Vladka (Fagele) Peltel Meed
Born: 1921, Warsaw, Poland
Describes reactions after the Warsaw ghetto uprising [Interview: 1991]
I felt that really everything is finished. That it's the end. I didn't think about myself, that I will live or life will go on or I will meet people or...It's the end. I...sometimes I was mad at myself that I remained, that why am I not there? I should have been there. This was the place to be together with them. I was constantly with them. I was living only for them, and it was for me like the end of everything. Of course, it was very painful when I was going as a Polish girl and listening to the surrounding...how they talk about the people being there, that they...good that they have such an end. Good that at least the Germans took care of them this way. Not all of the Poles were like this, but you heard this.

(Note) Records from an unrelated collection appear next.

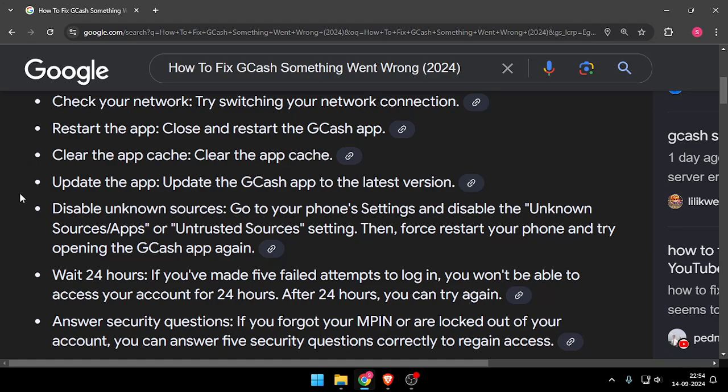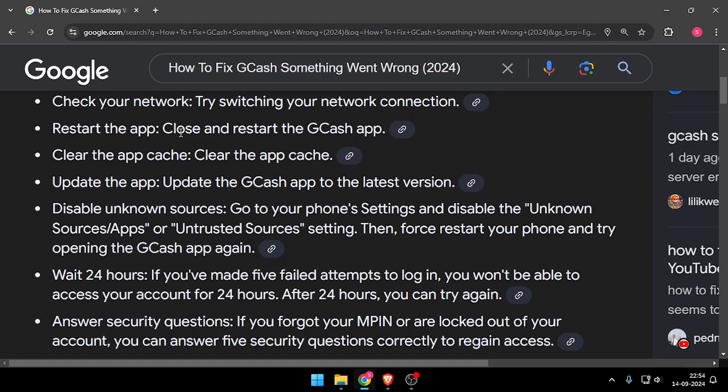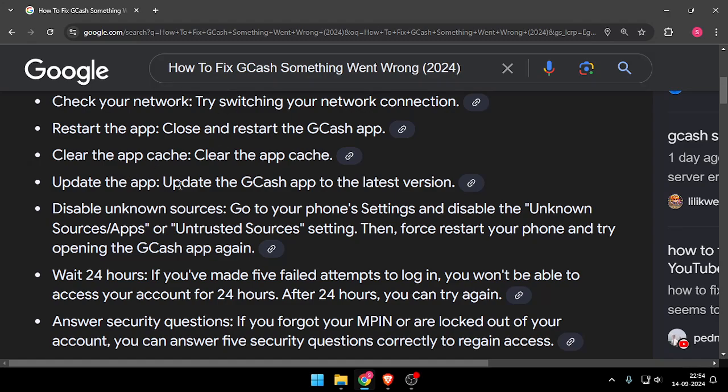You can do these things to check. You can check your network by switching your network connection. You can also restart the app by closing and restarting the GCash app. You can clear the app cache from the settings.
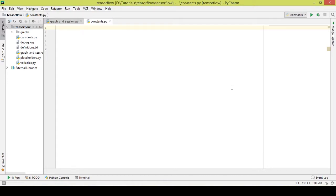Hello and welcome back to our TensorFlow tutorial series using Python. In the previous video we learned about graph and session. A graph is basically an initialization of a piece of code and a session is used to run that graph. In this video we will be learning about constants and variables.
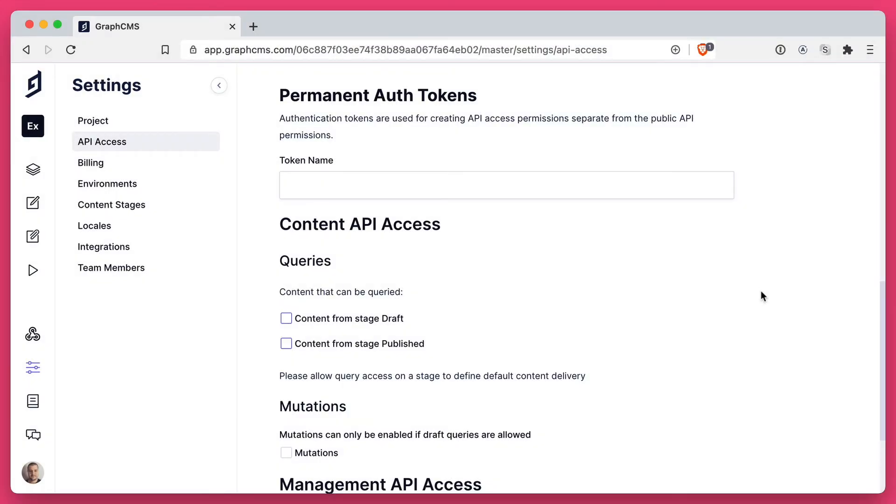Inside of your project settings under API access, you can create a custom permanent auth token. This token you can use to access data in staging, development, production, and pretty much anywhere else.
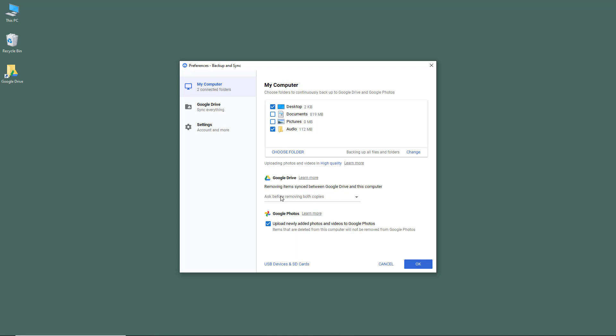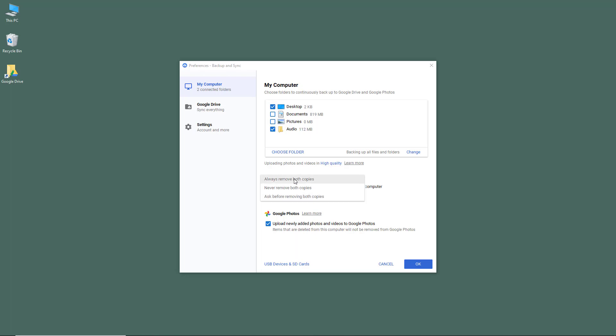The options are: ask before removing both copies, always remove both copies, or never remove both copies. Ask is the better option because it asks you whether you want to keep the backup in Google Drive or not.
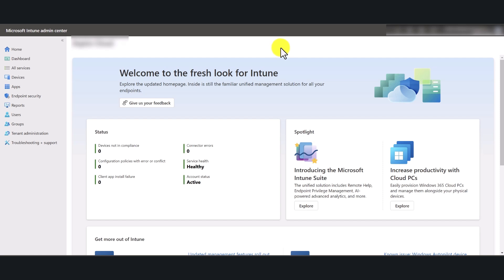Hello and welcome to another video. In this tutorial we are going to show you how to create a MAM policy or a mobile application management policy. It's also called an app protection policy.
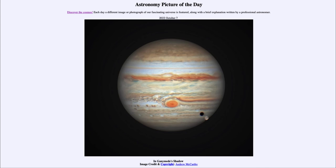So that was our picture of the day for October 7th of 2022, titled In Ganymede's Shadow. We'll be back again tomorrow for the next picture. Until then, have a great day everyone, and I will see you in class.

Around the, the ghetto walls, instead of being part [of] what was going on there and after all they were neighbors for so many years. I didn't feel...not only not solidarity but not pain, not compassion, of people whom they knew for so many years and who lived door by door and seeing that everything is going into flames, is going into smoke. So it was pain. It was a lot of pain.
Vladka belonged to the Zukunft youth movement of the Bund (the Jewish Socialist party). She was active in the Warsaw ghetto underground as a member of the Jewish Fighting Organization (ZOB). In December 1942, she was smuggled out to the Aryan, Polish side of Warsaw to try to obtain arms and to find hiding places for children and adults. She became an active courier for the Jewish underground and for Jews in camps, forests, and other ghettos.